Exercise objective:
Leave out every picture, and return exactly the lines from the line containing "BlackZon Slyder Turbo MT" through the end of the records below, both inclusive.

Stored dataset items
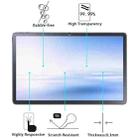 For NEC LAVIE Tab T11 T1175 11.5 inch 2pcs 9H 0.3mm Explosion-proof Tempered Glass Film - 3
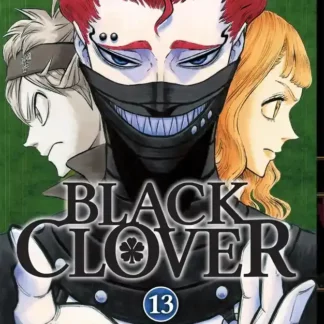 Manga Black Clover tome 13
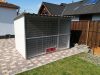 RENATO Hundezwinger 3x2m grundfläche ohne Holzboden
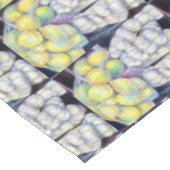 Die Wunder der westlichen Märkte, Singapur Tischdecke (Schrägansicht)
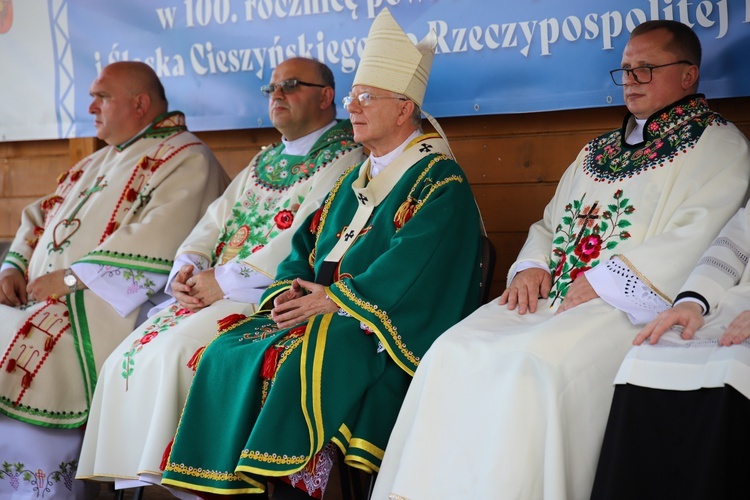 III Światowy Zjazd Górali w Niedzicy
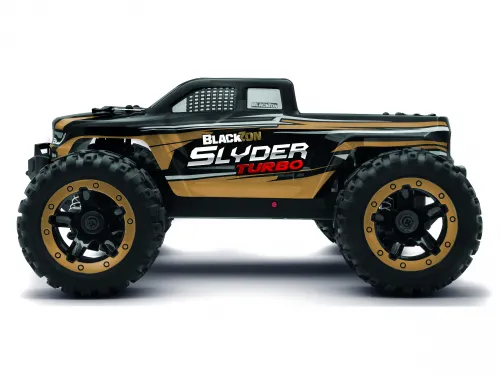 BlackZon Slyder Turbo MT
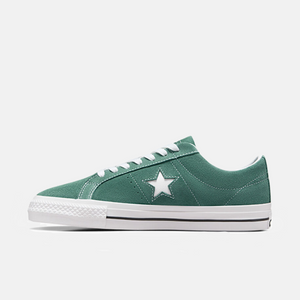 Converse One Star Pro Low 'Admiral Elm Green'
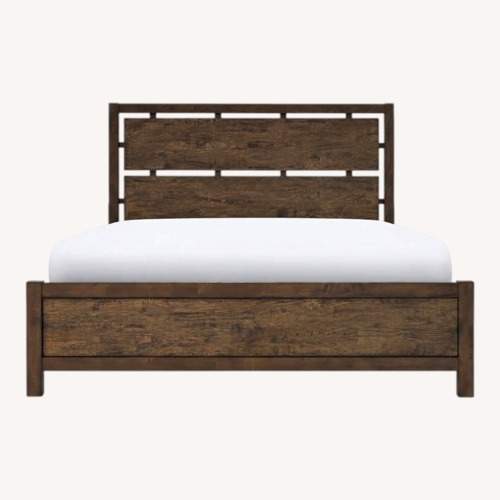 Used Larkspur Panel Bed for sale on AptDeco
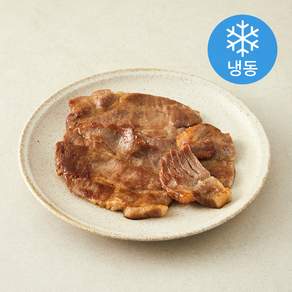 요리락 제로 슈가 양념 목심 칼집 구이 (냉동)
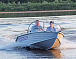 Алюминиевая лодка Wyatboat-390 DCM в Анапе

Solution below:
 BlackZon Slyder Turbo MT
 Converse One Star Pro Low 'Admiral Elm Green'
 Used Larkspur Panel Bed for sale on AptDeco
 요리락 제로 슈가 양념 목심 칼집 구이 (냉동)
 Алюминиевая лодка Wyatboat-390 DCM в Анапе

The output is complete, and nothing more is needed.